Coal fired is pretty good also. In Chicago I like Spacca Napoli and Nella for neapolitian style.
i'm trying to figure out how they have fast cooking but such a uniform crust color. usually if you have fast cooking you get a mottled crust color with near-charred bits and fairly light bits. the pictures of this stuff is almost all a near-brown.
Are you talking about the Coal fired place?
I mean just because they claim coal fired, doesn't mean they're actually taking advantage of it. There isn't a real benefit using coal over wood because, for specifically high gluten pizza crust styles, coal gets too hot.
However, there is nothing stopping you from using a coal oven and still cooking at 800 or something. You get to claim you use a coal fired oven, but still get a "nice" looking even crust because you're not doing a fast 90-180 second fast cook.
Are you talking about the Coal fired place?
I mean just because they claim coal fired, doesn't mean they're actually taking advantage of it. There isn't a real benefit using coal over wood because, for specifically high gluten pizza crust styles, coal gets too hot.

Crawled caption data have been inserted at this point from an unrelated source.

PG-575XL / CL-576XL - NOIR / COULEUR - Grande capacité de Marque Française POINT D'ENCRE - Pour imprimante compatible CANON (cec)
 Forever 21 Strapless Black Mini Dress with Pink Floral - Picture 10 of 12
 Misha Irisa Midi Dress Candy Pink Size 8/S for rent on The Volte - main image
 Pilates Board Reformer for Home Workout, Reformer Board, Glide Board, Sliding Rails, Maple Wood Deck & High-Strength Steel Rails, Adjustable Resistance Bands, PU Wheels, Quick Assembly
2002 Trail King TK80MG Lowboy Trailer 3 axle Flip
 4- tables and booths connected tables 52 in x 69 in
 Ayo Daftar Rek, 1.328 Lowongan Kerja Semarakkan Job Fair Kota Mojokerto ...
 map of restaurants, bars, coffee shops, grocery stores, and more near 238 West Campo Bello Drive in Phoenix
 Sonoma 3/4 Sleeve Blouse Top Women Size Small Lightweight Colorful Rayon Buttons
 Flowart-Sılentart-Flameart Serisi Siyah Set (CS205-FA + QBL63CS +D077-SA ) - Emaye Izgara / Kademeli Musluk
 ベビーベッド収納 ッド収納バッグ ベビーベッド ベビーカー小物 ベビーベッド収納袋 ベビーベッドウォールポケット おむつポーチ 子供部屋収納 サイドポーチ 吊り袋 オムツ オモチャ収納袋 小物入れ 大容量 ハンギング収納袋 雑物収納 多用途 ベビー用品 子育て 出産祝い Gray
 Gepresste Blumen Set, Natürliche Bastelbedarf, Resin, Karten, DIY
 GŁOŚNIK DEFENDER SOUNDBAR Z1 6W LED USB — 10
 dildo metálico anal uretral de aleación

However, there is nothing stopping you from using a coal oven and still cooking at 800 or something. You get to claim you use a coal fired oven, but still get a "nice" looking even crust because you're not doing a fast 90-180 second fast cook.
I want pizza right now...hell anything with flavor...been eating bland foods the past few days because I've got some bug thats going around and have had diarrhea since saturday.
I feel bad for you suckers that have to eat chain pizza or what these wannabe pizza joints call pizza. I live in New York and while everything else about this state sucks ass, we do have good pizza. None of the chain stores even come close to a good Italian owned NY pizzeria.